Parenting teenagers has its ups and downs. Get advice from Mumsnetters here.

Help with a teenager

13 replies

d1158570981890b002271 · 18/09/2006 10:53

I am new to this board so someone might have raised the same question in the past. I have an 18 year old son who has had a new girl friend for the past few months. She had being spending a lot of time at our house, sleeping over most nights. This was alright during the school holidays but now my youngest son is back at school, my husband told my son about a week ago that his girlfriend can only sleep over at weekends. The reason for this is that my sons share a bedroom so when the girl stays over, my son takes the mattress off his bed and put it next to the settee.
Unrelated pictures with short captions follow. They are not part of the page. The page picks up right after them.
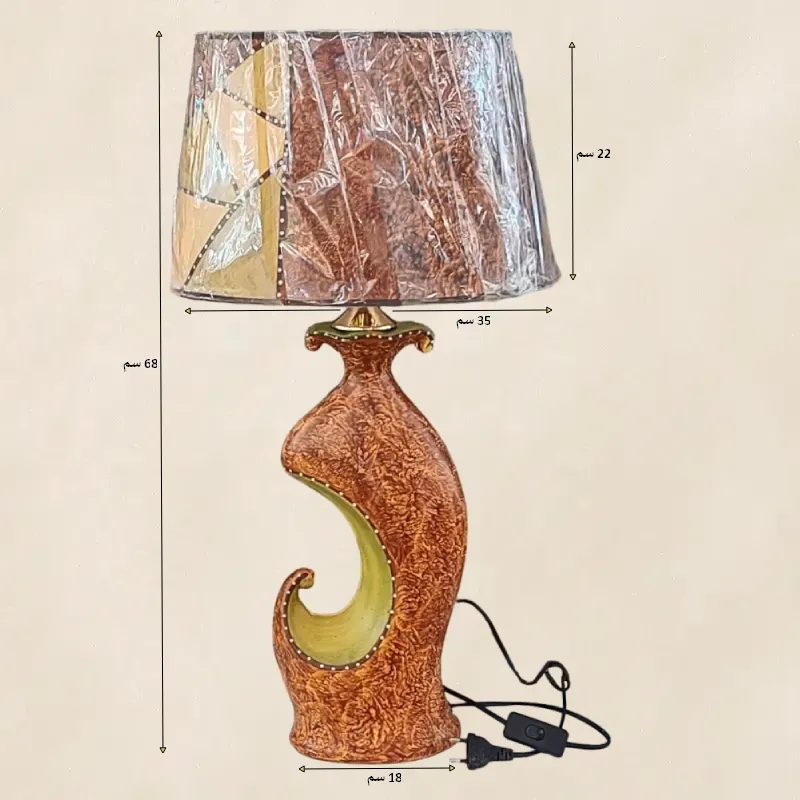 أبعاد الأباجورة القياسية. عرض القاعدة= 18 سم والارتفاع الكلي= 68 سم. عرض الغطاء=35 سم وارتفاع الغطاء= 22 سم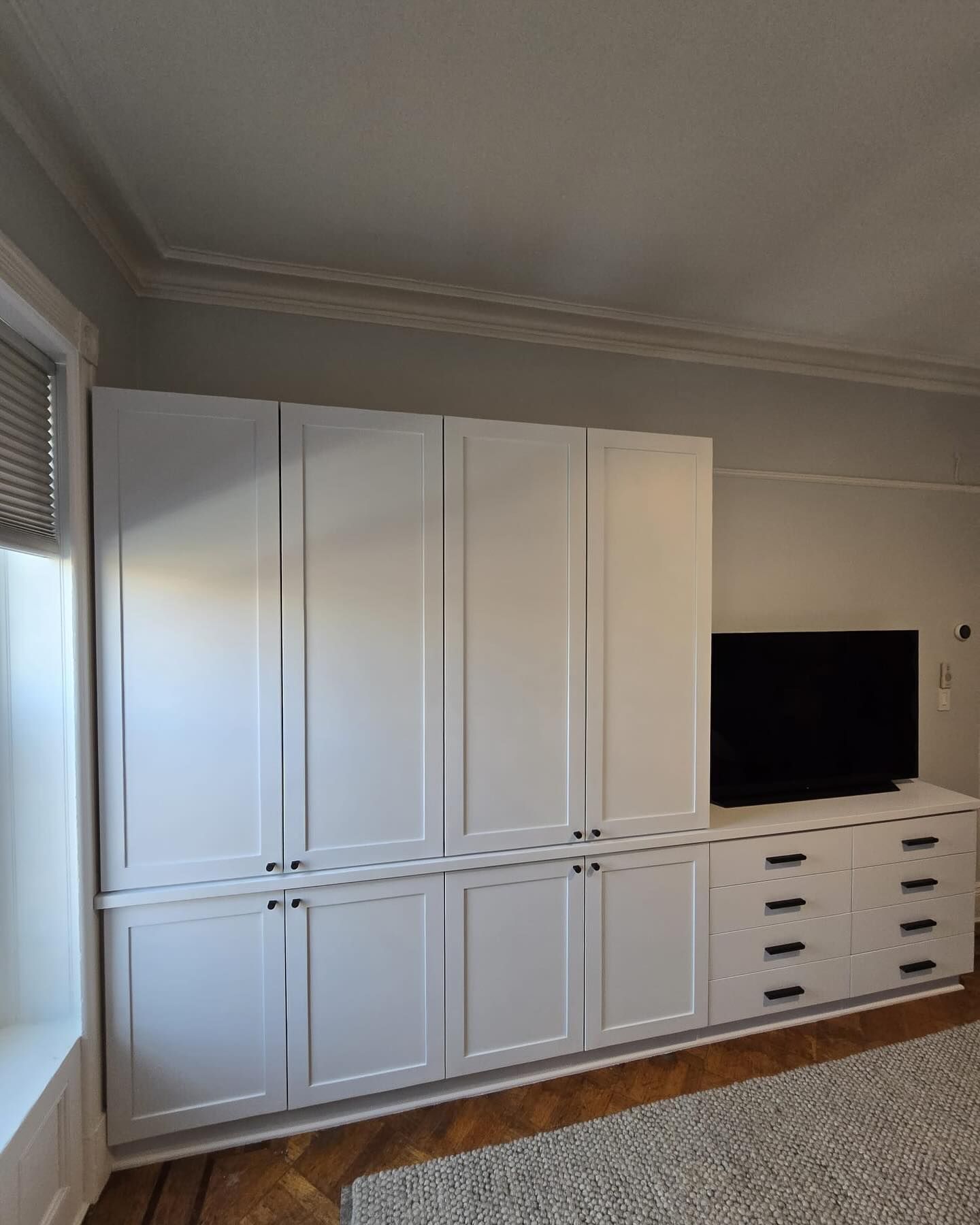 White built-in cabinets and drawers with a TV on top, set in a room with a rug and window.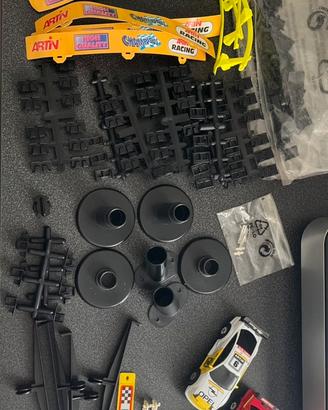Lotto accessori e macchinine per pista Artin 1:43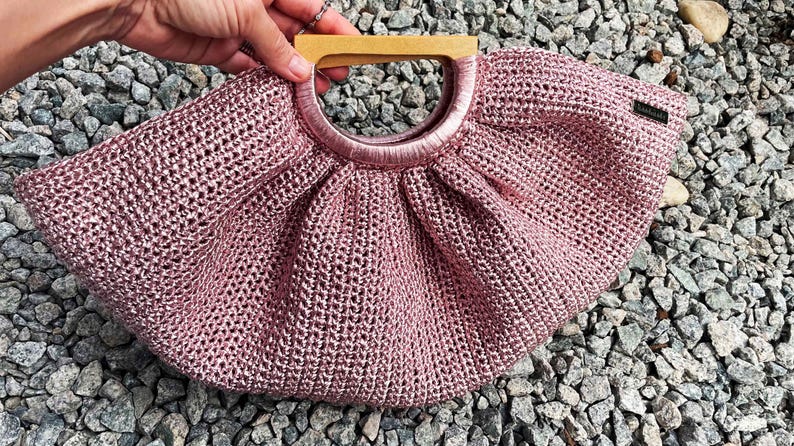 K&ouml;nnte beinhalten: Eine rosa Handtasche mit offenem Gewebe und einem Holzgriff. Die Tasche hat einen kreisf&ouml;rmigen Griff und ein gerafftes Design. Die Tasche besteht aus einem gl&auml;nzenden, strukturierten Material. Ein kleines schwarzes Etikett ist an der Seite der Tasche befestigt.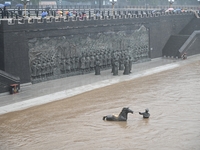 Bronze sculptures of horses and warriors are being seen submerged by floods at the Toudao wharf in Jilin City, Jilin province, China, on Jul...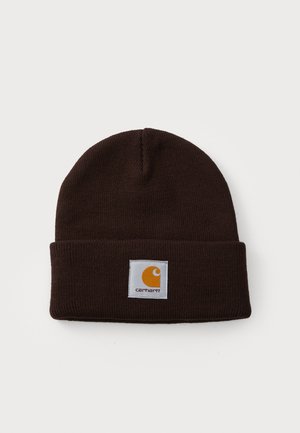 Brown knit beanie with a folded brim and a white patch featuring an orange logo. The texture is soft and ribbed throughout.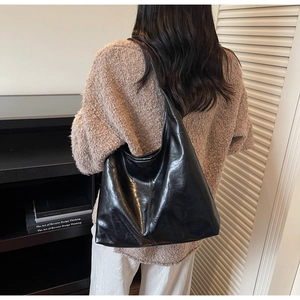 Model view of a black large capacity hobo bag showing its size and soft leather texture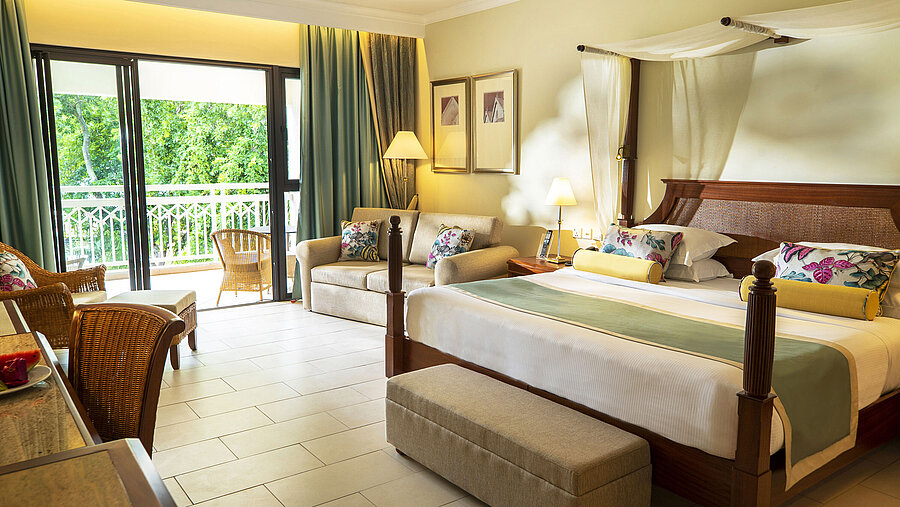 Spacious hotel room with four-poster bed, sofa, balcony and green views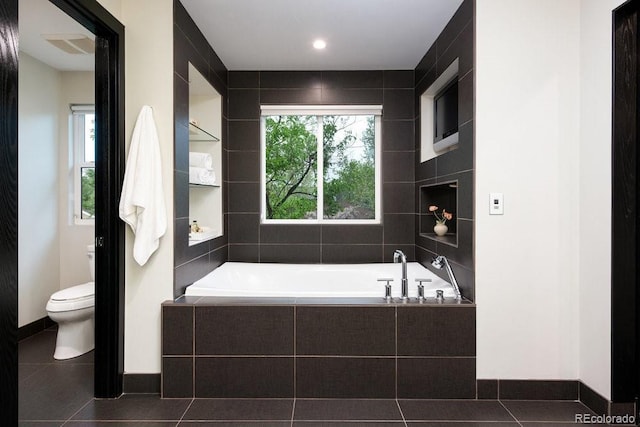 full bath featuring toilet, a garden tub, tile patterned flooring, and baseboards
Since my husband has said my son has being staying the night at his girlfriend's. He is currently doing an apprenticeship and his work place is only a 20 min bus ride from where we live, whereas, it is 2 bus rides from where his girlfriend lives. The other day he had to wait so long for buses he was 40 minutes late for work and lost his ?100 bonus for being on time every day in the month. He gets very worked up when you mention anything to him and I keep trying to tell him that every time he stays at her house, he risks being late, but he won't listen to me. Yesterday I asked him when he was going to sleep at his own house agian, he said when I leave! I do not want to be the one that drives him out permantely (my husband asked when he was going to move out, he said when my husband gives him enough money). So judging by this, I don't think that my son will be leaving in the near future. The two of them are completely besotted with one another, but I sometimes look forward to the relationship breaking up. I just hope that the girl's parents get fed up with my son stopping every night and say something. I have made my self ill in the past worrying about things so I would like to hear other mum's opinions on my situation and any advice they may have.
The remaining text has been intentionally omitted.